State Machines for Complex Business Workflows
How to model complex business workflows as finite state machines in TypeScript, with type-safe transitions, guards, and side effects managed by Alfred.
Many workflow engines model processes as a sequence of steps: do A, then B, then C. This works well for linear processes, but real business workflows are rarely linear. An order can be placed, partially fulfilled, backordered, cancelled, refunded, or disputed. A loan application can be submitted, under review, approved, conditionally approved, denied, or withdrawn. The transitions between these states depend on business rules, external events, and human decisions.
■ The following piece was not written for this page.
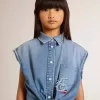 Vestido vaquero para niña con lazo delantero y bordados Vestido vaquero para niña con lazo delantero y bordados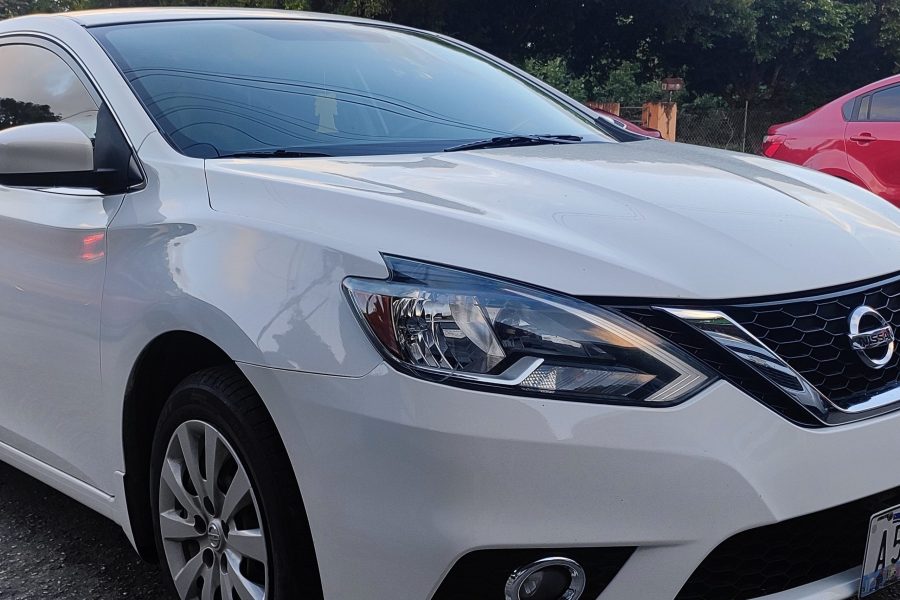 Nissan Sentra A50-34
State machines provide a formal model for these complex workflows. Instead of thinking about what to do next, you think about what states a process can be in and what events cause transitions between those states. This shift in perspective makes complex workflows easier to reason about, test, and visualize.
Alfred includes a full state machine engine designed specifically for business workflows, with type-safe state definitions, transition guards, and side effects.
Defining States and Transitions
A state machine starts with a clear enumeration of all possible states and the events that trigger transitions between them. In TypeScript, we can use union types to make this definition exhaustive and type-safe.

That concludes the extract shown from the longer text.